C ++ 14和更高版本是否允许Lambda函数使用默认参数？ 如果可以，怎么办？

Question

Does lambda functions changes to accept default arguments in c++ 14?

This example doesn't work on C++ 11:

int main() {

    int i = 34;
    auto RectSurf = [i](int length = 0, int width = 0){ return length * width;};
    cout << RectSurf(10) << endl;


    std::cout << std::endl;
}

But it works fine on C++ 14 and above. So is it correct or not? Because C++ prime 5ed said that: "Passing Arguments to a Lambda As with an ordinary function call, the arguments in a call to a lambda are used to initialize the lambda's parameters. As usual, the argument and parameter types must match.
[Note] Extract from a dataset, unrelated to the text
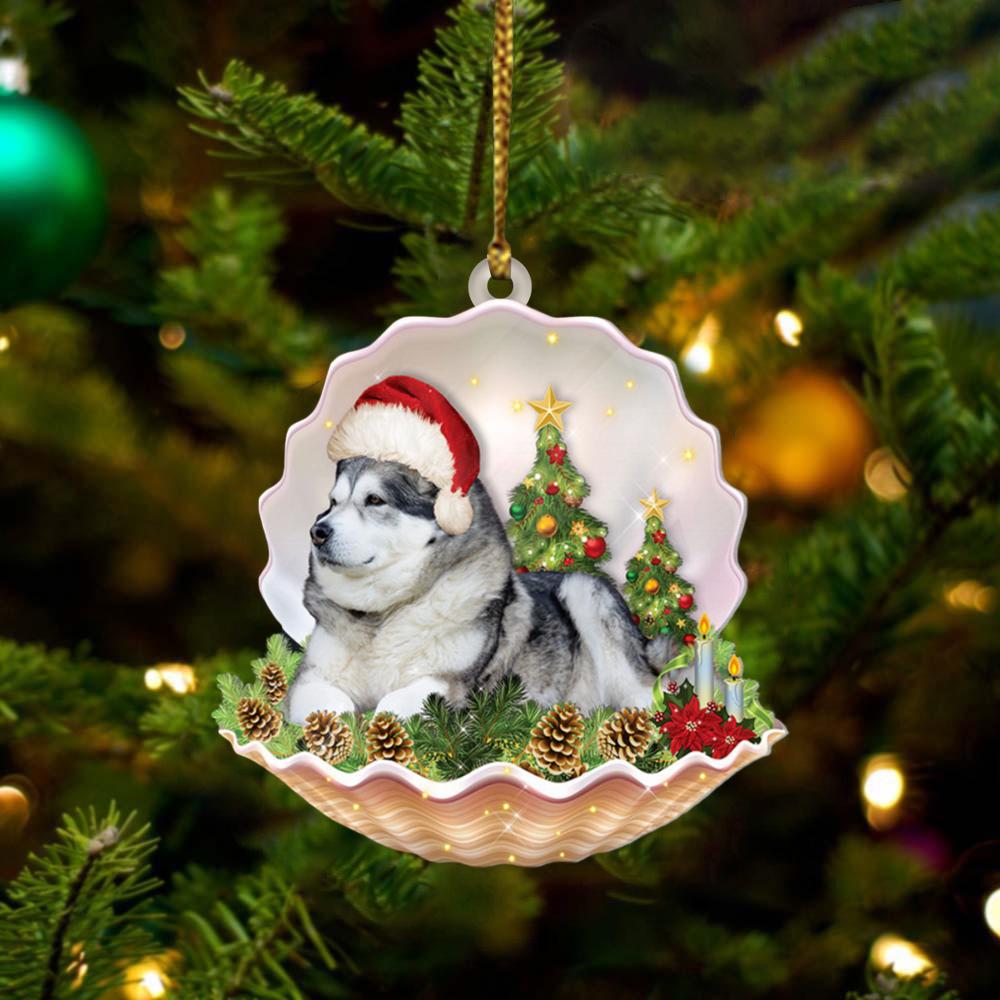 Alaskan Malamute Lie In Seashell Xmas-Two Sided Ornament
Unlike ordinary functions, a lambda may not have default arguments (§ 6.5.1, p. 236). Therefore, a call to a lambda always has as many arguments as the lambda has parameters. Once the parameters are initialized, the function body executes.

As an example of a lambda that takes arguments, we can write a lambda that behaves like our isShorter function:" From C++ Prime 5ed.
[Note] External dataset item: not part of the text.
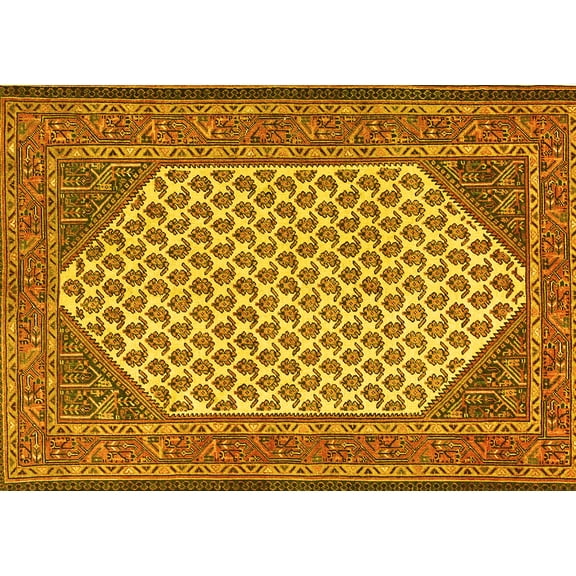 Ahgly Company Machine Washable Indoor Rectangle Persian Yellow Traditional Area Rugs, 5' x 7'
But the same code on C++14 and above works fine! But Also I've read here in SO That lambda functions can have a default parameter on condition that no variable has been captured in Lambda's capture list.

Answer 1

Default Arguments in Lambda Expressions were explicitly added to the Standard with C++14, and were not permitted in C++11. You can see this if you run the code against two different compiler flags in GCC , one for C++11, one for C++14, and compile using the -Wpedantic flag, you'll see that when compiled for C++11, the compiler issues a warning (GCC still supports it, but tells you it's not standard-compliant) whereas in C++14, there's no warning.

So yes. In C++14 and later, Default Arguments in a Lambda Expression are valid.